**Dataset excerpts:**
★ ★ ★ ★ ★

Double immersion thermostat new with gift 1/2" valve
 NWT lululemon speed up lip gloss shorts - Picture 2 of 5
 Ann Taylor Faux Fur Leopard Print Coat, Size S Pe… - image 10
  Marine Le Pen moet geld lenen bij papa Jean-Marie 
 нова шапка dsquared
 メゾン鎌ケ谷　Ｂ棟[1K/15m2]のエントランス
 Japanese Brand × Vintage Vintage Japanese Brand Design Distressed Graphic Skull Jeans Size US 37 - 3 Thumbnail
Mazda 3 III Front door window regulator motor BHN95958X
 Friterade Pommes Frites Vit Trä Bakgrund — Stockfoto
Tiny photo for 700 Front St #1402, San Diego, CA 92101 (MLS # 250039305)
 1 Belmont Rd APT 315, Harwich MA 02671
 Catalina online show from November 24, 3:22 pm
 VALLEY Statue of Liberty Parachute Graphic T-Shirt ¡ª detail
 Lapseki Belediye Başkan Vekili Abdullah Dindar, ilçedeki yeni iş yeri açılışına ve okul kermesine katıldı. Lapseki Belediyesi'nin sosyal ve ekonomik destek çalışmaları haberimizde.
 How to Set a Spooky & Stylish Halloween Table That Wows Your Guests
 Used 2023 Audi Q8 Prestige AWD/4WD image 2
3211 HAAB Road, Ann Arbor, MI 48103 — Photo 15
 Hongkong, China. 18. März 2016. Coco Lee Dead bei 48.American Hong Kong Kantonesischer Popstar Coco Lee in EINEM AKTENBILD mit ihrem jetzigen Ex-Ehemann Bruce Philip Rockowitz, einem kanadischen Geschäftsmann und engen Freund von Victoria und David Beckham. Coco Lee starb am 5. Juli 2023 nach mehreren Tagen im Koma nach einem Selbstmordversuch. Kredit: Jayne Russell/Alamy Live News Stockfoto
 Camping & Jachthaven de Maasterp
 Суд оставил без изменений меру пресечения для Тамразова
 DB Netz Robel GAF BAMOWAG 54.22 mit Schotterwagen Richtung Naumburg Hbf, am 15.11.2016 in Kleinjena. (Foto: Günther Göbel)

★ ★ ★ ★ ★

**What you have to do:**
Looking at the data above, write out exactly the lines that start at the one containing "Tiny photo for" and end at the one containing "Lapseki Belediye Başkan"; include both and nothing beyond.

**Written answer:**
Tiny photo for 700 Front St #1402, San Diego, CA 92101 (MLS # 250039305)
 1 Belmont Rd APT 315, Harwich MA 02671
 Catalina online show from November 24, 3:22 pm
 VALLEY Statue of Liberty Parachute Graphic T-Shirt ¡ª detail
 Lapseki Belediye Başkan Vekili Abdullah Dindar, ilçedeki yeni iş yeri açılışına ve okul kermesine katıldı. Lapseki Belediyesi'nin sosyal ve ekonomik destek çalışmaları haberimizde.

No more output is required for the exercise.